According to two sources familiar with the matter, Facebook will not directly host or stream any music or media. Instead, it will rely on partners to provide the content. This is in contrast to Apple, Google and Amazon’s strategy of hosting music content on their servers. Facebook’s plan is to become a platform for media content in the same way it is a platform for applications and games.
One of our sources specifically mentioned three music services as launch partners: Spotify, Rdio and MOG. It’s unclear whether Facebook has lined up other launch partners for its music platform or whether Facebook will open up its platform to other developers. One of our sources noted, however, that Facebook doesn’t like playing favorites, so our bet is that Facebook will open up its music platform to other third-party developers.

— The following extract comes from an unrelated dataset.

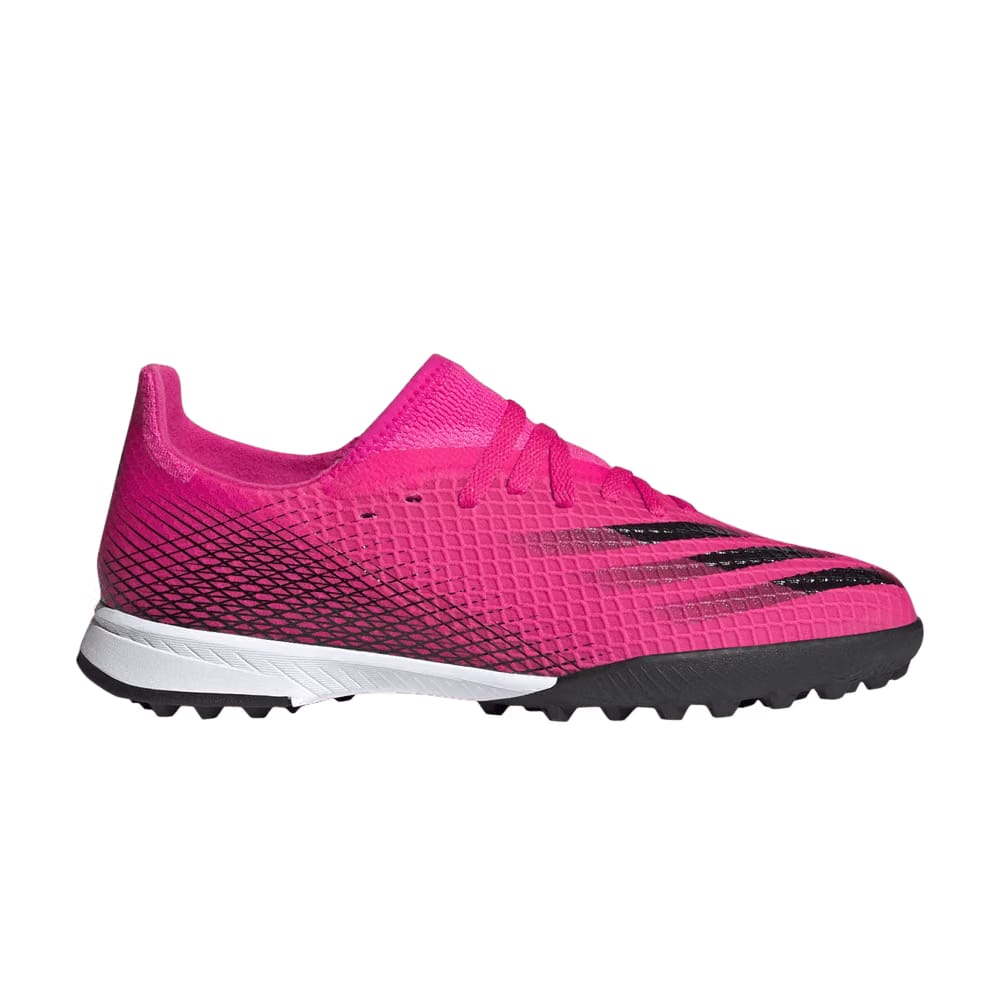 Adidas x Ghosted.3 TF J Shock Pink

Partnering with Spotify, MOG and Rdio makes a lot of sense since the company’s long rumored hangup with getting into music has been an unwillingness to get sucked into paying licensing fees to record labels. Working with hosting partners and providing a platform as opposed to hosting music themselves, ala Google, seems pretty smart on the face of it. It also feels like something that could even reinvigorate Facebook users, who seem to almost universally have a love/hate relationship with the site.
Coincidentally, Mark Zuckerberg has been a huge Spotify proponent since the beginning. I imagine him sitting at his desk in Palo Alto listening to music from the service wearing big headphones, just like Jesse Eisenberg’s version of Mark Zuckerberg did in The Social Network.